# Maltese needs home in Suffolk VA Rescue?



## Summergirl73 (Sep 18, 2011)

https://www.facebook.com/photo.php?...394.125859484157369&type=1&comment_id=1432853

This Maltese (sorry I don't have a better link/picture) was found in Suffolk, Virginia. Here's the quote from Lost & Found Dogs Virginia: "SUFFOLK, VA--FOUND FEMALE DOG
This is "Angel." She was found on my porch Sept. 20, I have tried to find her owners but no luck. Angel is such a sweet dog. She has been groomed as her hair was so long and matted. The groomer said she appears to be Maltese with maybe a little poodle mix (?), weighes about 8 pounds and I would say is about 1 and 1/2 years old. Angel is an Angel, she is so lovable, well mannered. Please contact Suffolk Humane Society at 757-538-3030 if you know this dog. We will put you in touch with the finder. She was found in Suffolk."

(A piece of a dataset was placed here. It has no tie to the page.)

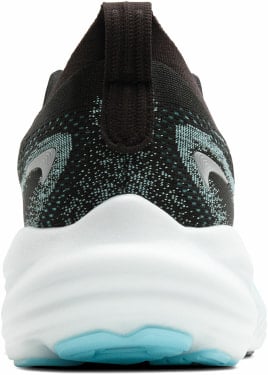 Glycerin 22 Laufschuhe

For the Maltese rescue groups out there....it appears that the Malt is still with the finder, but do we have a rescue group that can step in if the need arises? I can drive to Suffolk to do the "pull" and transport if needed, just need to know where there is a foster or forever home available. Any thoughts?


----------



## sassy's mommy (Aug 29, 2005)

I hope someone will find her, but I think they should take her to the vet and find out her age and maybe a better guess at her breed. I don't think she is maltese or poodle. Her muzzle is too broad. JMO. But if someone is looking for a rescue doggie, she looks like a sweetie.


----------



## Summergirl73 (Sep 18, 2011)

bump. Rescue help?


----------